- Interactive map of Leaside Curling Club
- Location: 1075 Millwood Road Toronto, Ontario M4G 1X6
- Arena: Leaside Curling Club

Information
- Established: 1963
- Club type: Dedicated ice
- Curling Canada region: CurlON Zone
- Sheets of ice: 8
- Rock colours: Green and Yellow
- Website: leasidecurling.ca

= Leaside Curling Club =

Curling club in Toronto, Ontario

Leaside Curling Club is a curling club located in the Leaside neighbourhood of Toronto, Ontario, Canada. The organization was founded in 1963 in response to community requests for a neighbourhood curling club. The City of Toronto built the club's facility in the Leaside Memorial Community Gardens recreational complex, which has eight sheets of curling ice, a lounge, pro shop, bar, and change rooms. The curling club and its member-elected Board of Directors managed all aspects of the operation of the club in partnership with the City's Parks and Recreation Department which provided management and maintenance support.

In 2014, the club's membership voted to approve a proposal through which the membership would lease the facility and be responsible for the overall operations and management of the club.

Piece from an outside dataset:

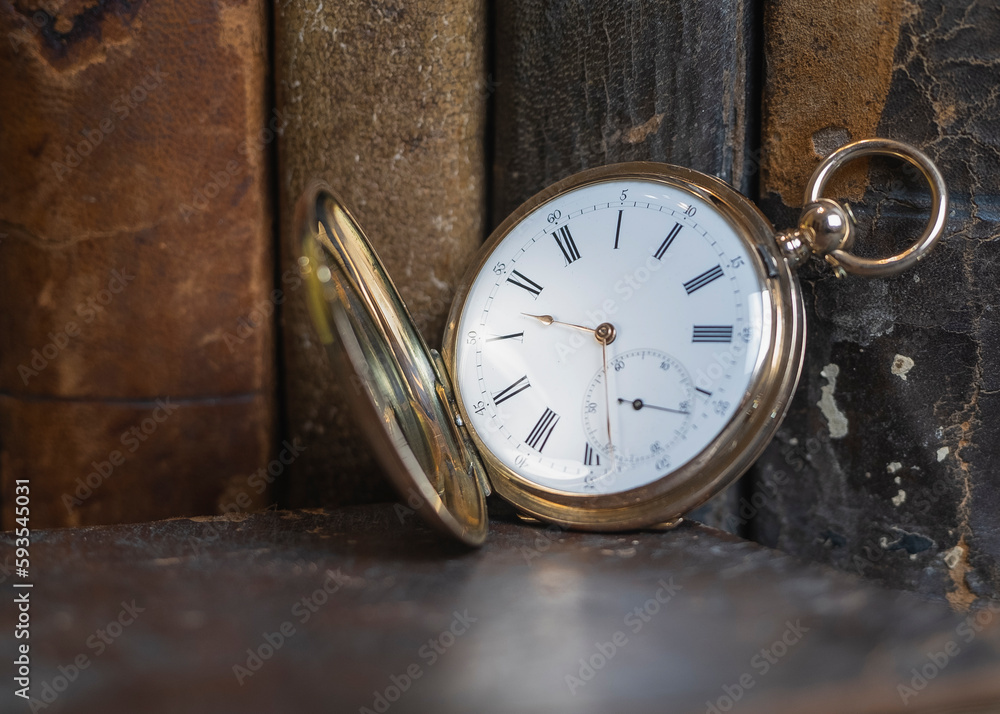 Gold pocket watch Gold pocket watch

Today, Leaside is Ontario's largest curling club, with more than 1,100 members and leagues for curlers of all ages and abilities. Leaside is also the home club of John Epping, a top-ranked curler on the World Curling Tour. As club pro, Epping can be booked for individual or team instruction.

Club and ice rental are also available to groups for team building or recreational experiences. No experience required; instructors are provided on request.